## Your assignment
Every line of the data below must be output exactly, with images left out.

## Information supplied
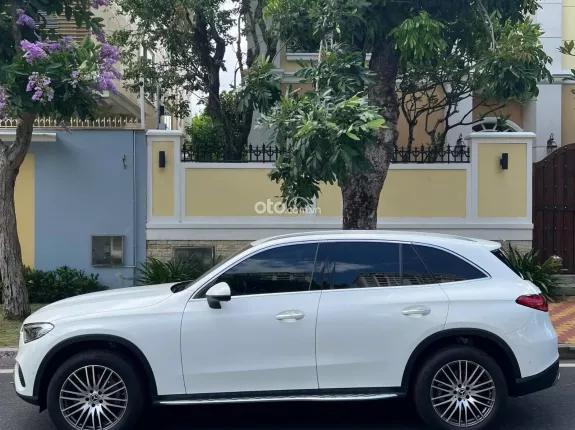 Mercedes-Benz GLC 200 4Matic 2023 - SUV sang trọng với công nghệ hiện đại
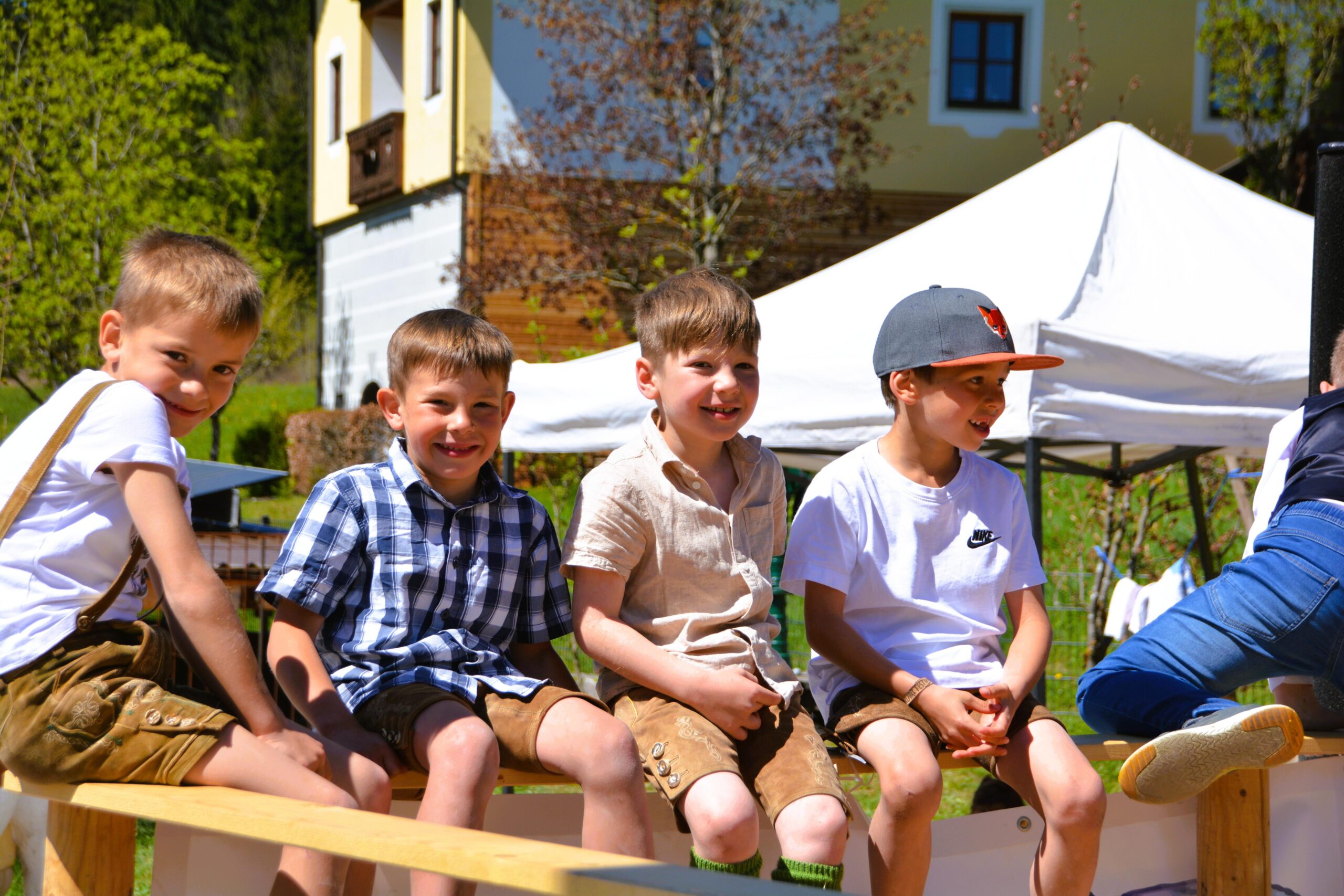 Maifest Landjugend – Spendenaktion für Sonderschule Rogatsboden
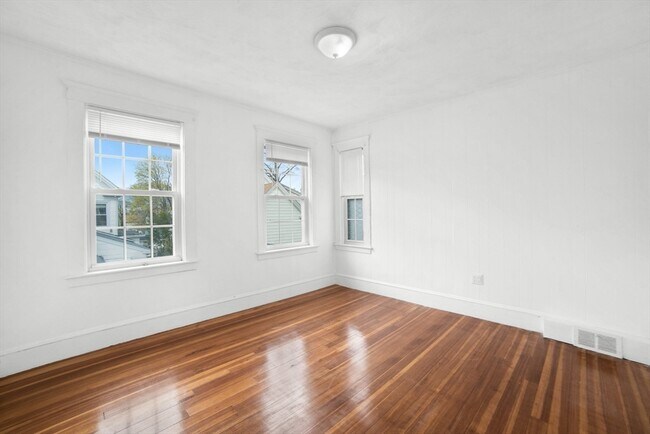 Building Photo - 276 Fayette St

## Solution to this exercise
 Mercedes-Benz GLC 200 4Matic 2023 - SUV sang trọng với công nghệ hiện đại
 Maifest Landjugend – Spendenaktion für Sonderschule Rogatsboden
 Building Photo - 276 Fayette St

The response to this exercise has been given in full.